I’ve talked a lot of trash about Madrid in the past, and one of my most common remarks is that I don’t get why so many tourists visit here. And I’m not just saying that because they get in my way whenever I have to venture into Sol *shudder*. Don’t get me wrong, it’s an absolutely wonderful city to live in– I just don’t think it’s the place to plan and wait for a visit to. That been said, obviously there are places and things I love here, but because most people I know always visit Barcelona (how dare they?), my expat expertise is wasted. So when one of my favourite bloggers, Rachel, wrote about how she was visiting Madrid this year, I jumped at the chance to offer my favourite haunts in this city I call home. Then I figured that no one else I know is gonna visit this city again any time soon, so I’ll blog my tips as well. You’re welcome.

This installment will focus on my first worry when planning my move to Madrid, how to survive as a vegetarian, and my first hurdle upon arriving, where to find a decent cup of coffee. Hierarchy of needs and all that.

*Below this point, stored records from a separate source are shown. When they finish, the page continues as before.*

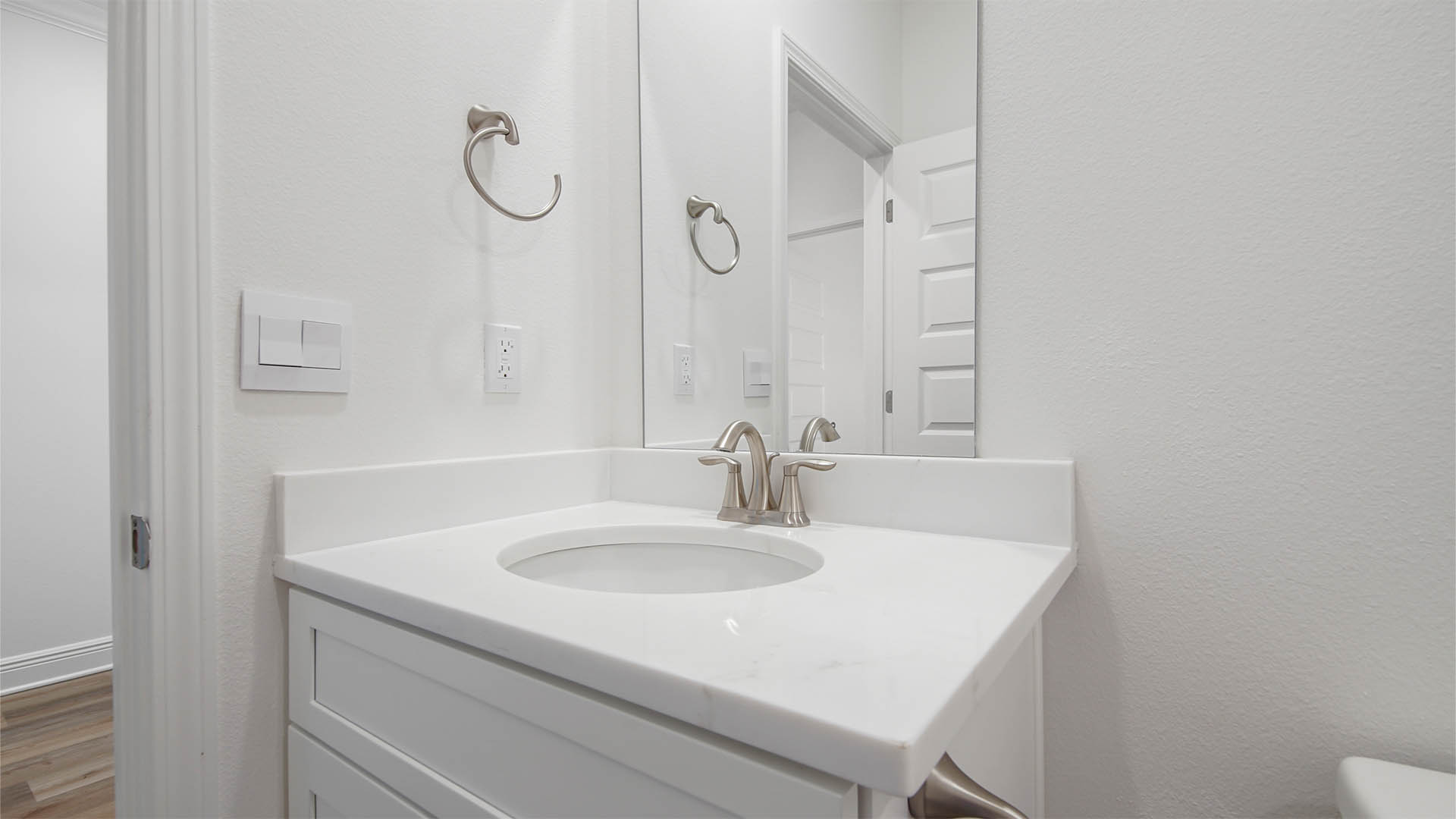 Bathroom with white cabinetry and single vanity with quartz countertops.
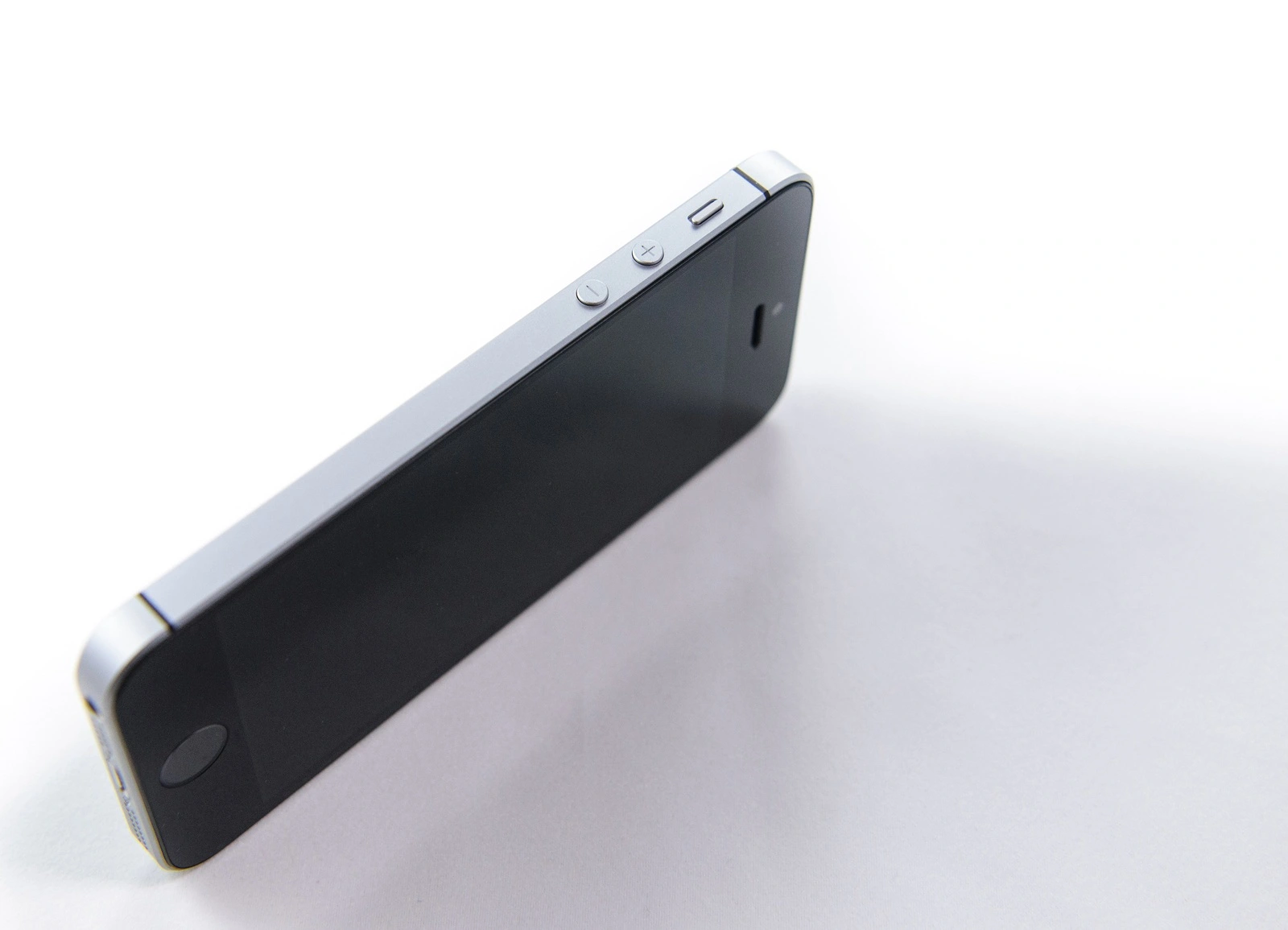 PARIS FRANCE - APR 21 2016: Side view of the new Apple iPhone SE combining the updated processor 4K rear camera touch id retina display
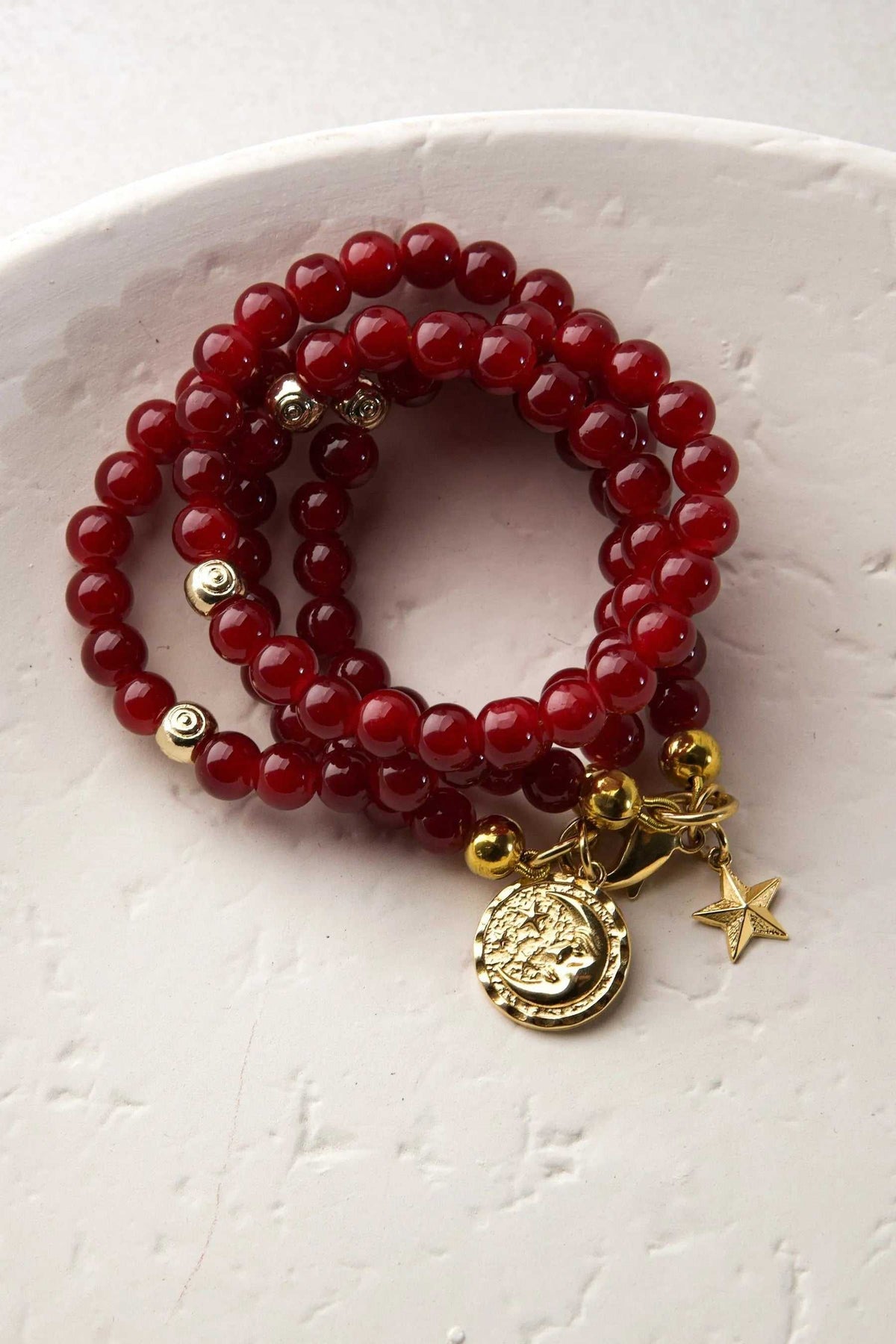 Red crystal beaded Bracelet with glossy deep red round beads, gold-tone spacers and dangling coin and star charms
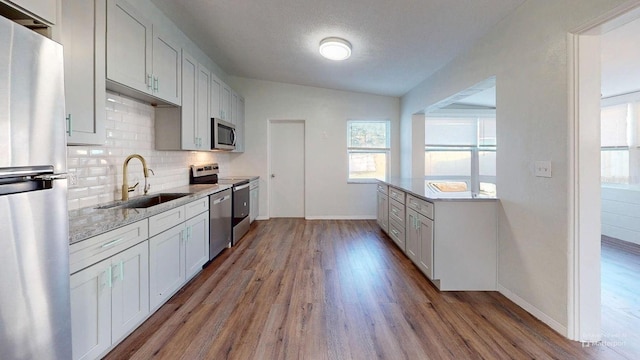 kitchen with sink, stainless steel appliances, light hardwood / wood-style flooring, backsplash, and vaulted ceiling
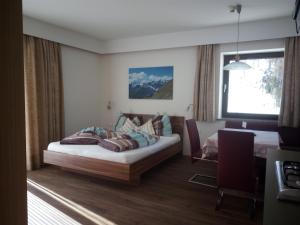 Postel nebo postele na pokoji v ubytování Residence Haus Peder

Time for real talk: if your idea of Spanish food is free plates of delicious tapas with your drinks at the bar, Madrid is going to disappoint you. Although it is possible to find, it’s not always worth the trouble. In fact, if you think any of my food related tips are going to be praising Spanish food at all, stop reading now. I am not a fan (and if you’re vegetarian, you’re not going to be either). But I do appreciate good food… it’s just not what you’d necessarily relate to Spain.

Federal Café (metro Noviciado): This is probably my favourite place to grab lunch in Madrid. It’s big and bright and spacious and is a favourite among the expat scene. It’s an Australian place, with another location in Barcelona, and it’s definitely my go-to place if I’m craving a sandwich… which really don’t exist in Spain. My favourite is the haloumi.

Toma Café (metros Noviciado/Tribunal): This place is consistently referred to as the best coffee in Madrid, and I’d have to agree. It’s a quirky little place that’s more like a hole in the wall, but if you do manage to fight for a seat in here, stop for one of their iced coffees (another rarity in Madrid, usually if I request one I’m handed a regular coffee and a separate glass full of ice… you’re welcome).

Coffee & Kicks (metro Callao): This is a new place but has quickly become one of my favourites. Another place for excellent iced lattes or cold brew coffee (and an extra delicious lemon cake). It’d be so easy to walk right passed this place if you didn’t know what you were looking for, but that’s just part of it’s charm.

La Chelinda (metros Sol/Antòn Martín): I’d describe this place as a feminist Mexican restaurant, which are three words after my own heart if there ever were any. I would do anything for Mexico and Spain to switch their cuisines, but I think this place is the closest I’m gonna get. Try the veggie burrito.

La Infinito (metros Antón Martín/Lavapies): As an English graduate, I’m a sucker for anything with a literary reference. This adorable little library café hybrid is a really quiet little spot perfect for getting work done. It also does hummus, something you’d think a country with such Arab influences would have more of, but alas. I promise I don’t pick my menu options based on which literary character they’re named after, honest.

Viva Chapata (metro Lavapies): VEGAN FOOD. VEGETARIAN FOOD. I LOVE YOU. Aaaaah. In a sea of chorizo and jamón, finding somewhere with an overwhelmingly vegan menu felt like a hallucination. A veggie mirage in a world of cooked animal carcasses. Although it does have meat options too, y’know, if you’re into that stuff.

So go forth, holiday-goers and newbie expats of Madrid, eat good food and try to ignore all the weird giant pig legs that adorn every bar/supermarket/restaurant you see.